Advances in the management of serious acute conditions, such as heart disease and stroke, influenced the the hospital service.  If the best treatment for a heart attack was early coronary angioplasty (an approach commonplace in the USA for ten years), patients needed direct admission to a unit capable of performing this.  Similarly, a specialist stroke unit with scanning facilities and clot-busting drugs 24/7 might reduce ultimate dependency.  Such units could not be provided in every DGH - they might need a base population of a million, making a case for major regional units equal to the challenge.  Reconfiguration of hospital services along these lines was given impetus by the reports from Prof. Lord Darzi of Imperial College Medical School, and the National Advisor on Surgery.  His report on the future of planned surgery, 'Saws and Scalpels to Lasers and Robots - Advances in Surgery', said that 80% of all surgery should be done locally with the remaining 20% of the more complex cases taking place at specialist centres with access to the highly skilled surgeons and the most up to date technology. This might include

Darzi outlined changes over the previous two decades which had led to a revolution in surgery, with the use of lasers and keyhole surgery leading to a quicker recovery for patients and less risk of infection.

Chronic Diseases

Increasingly health services were concerned with chronic diseases. Improving their management and the many admissions for which such diseases were responsible, became a high priority for government and led to an examination of the methods adopted by US managed care organisations. Many medical routines developed to handle acute illnesses were ill suited to chronic disease management.  Two new approaches were introduced, disease management and the chronic care model.

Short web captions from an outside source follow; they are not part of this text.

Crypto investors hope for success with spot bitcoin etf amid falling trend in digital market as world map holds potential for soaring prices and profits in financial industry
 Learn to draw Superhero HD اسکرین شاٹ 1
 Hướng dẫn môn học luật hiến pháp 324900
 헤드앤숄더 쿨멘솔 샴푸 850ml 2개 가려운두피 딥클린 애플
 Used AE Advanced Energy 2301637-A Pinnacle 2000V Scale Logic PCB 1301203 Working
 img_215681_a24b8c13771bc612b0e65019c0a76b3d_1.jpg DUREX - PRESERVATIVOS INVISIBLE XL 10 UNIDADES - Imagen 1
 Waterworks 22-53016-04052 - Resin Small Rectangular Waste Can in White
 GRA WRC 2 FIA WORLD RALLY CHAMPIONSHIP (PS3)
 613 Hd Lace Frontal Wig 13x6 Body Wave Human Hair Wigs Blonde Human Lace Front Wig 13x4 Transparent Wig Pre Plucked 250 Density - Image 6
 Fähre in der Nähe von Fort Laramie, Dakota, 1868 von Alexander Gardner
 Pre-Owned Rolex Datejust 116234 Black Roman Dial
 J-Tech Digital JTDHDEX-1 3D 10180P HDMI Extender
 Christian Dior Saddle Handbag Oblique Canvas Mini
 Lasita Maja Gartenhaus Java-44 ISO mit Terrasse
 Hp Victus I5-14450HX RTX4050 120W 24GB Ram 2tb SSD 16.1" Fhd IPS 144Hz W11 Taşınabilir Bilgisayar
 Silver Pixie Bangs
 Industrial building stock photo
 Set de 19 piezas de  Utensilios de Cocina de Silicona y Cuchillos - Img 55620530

Disease management was provided by large companies unrelated to doctors' practices, paid by health insurers.  They use sophisticated information systems to identify patients with chronic diseases, and establish close communication with them, educating them and their families on self-care, track their progress and intervene if problems seek likely to arise.  The chronic care model, in contrast, is based within the doctors' practices, reorganised to create informed patients with self-management skills, and developing multidisciplinary teams to monitor patients at risk. (Casalino JAMA.2005; 293: 485-488.)

The pharmaceutical industry was interested in diseases requiring long term medication and in the US provided some such care.   In theory systematic, integrated evidence-based and long-term care of chronic high cost diseases such as asthma, rheumatoid arthritis and diabetes might be more effective. However, the management of specific diseases by a separate organisation risked the fragmentation of care, as patients with multiple unrelated pathology might be directed to specialised units. 

Evaluation studies were mounted in the USA and pilot projects were established, advised by the US based Evercare, in the hope that surveillance might reduce admission. Doctors and managers might agree goals, identify high risk patients, and establish intensive nurse led outreach.  Financial incentives might be introduced, for example to encourage joint working by hospital specialists and primary care. Early pilots did not, however, suggest that intensive case management of the vulnerable elderly would reduce emergency admissions substantially.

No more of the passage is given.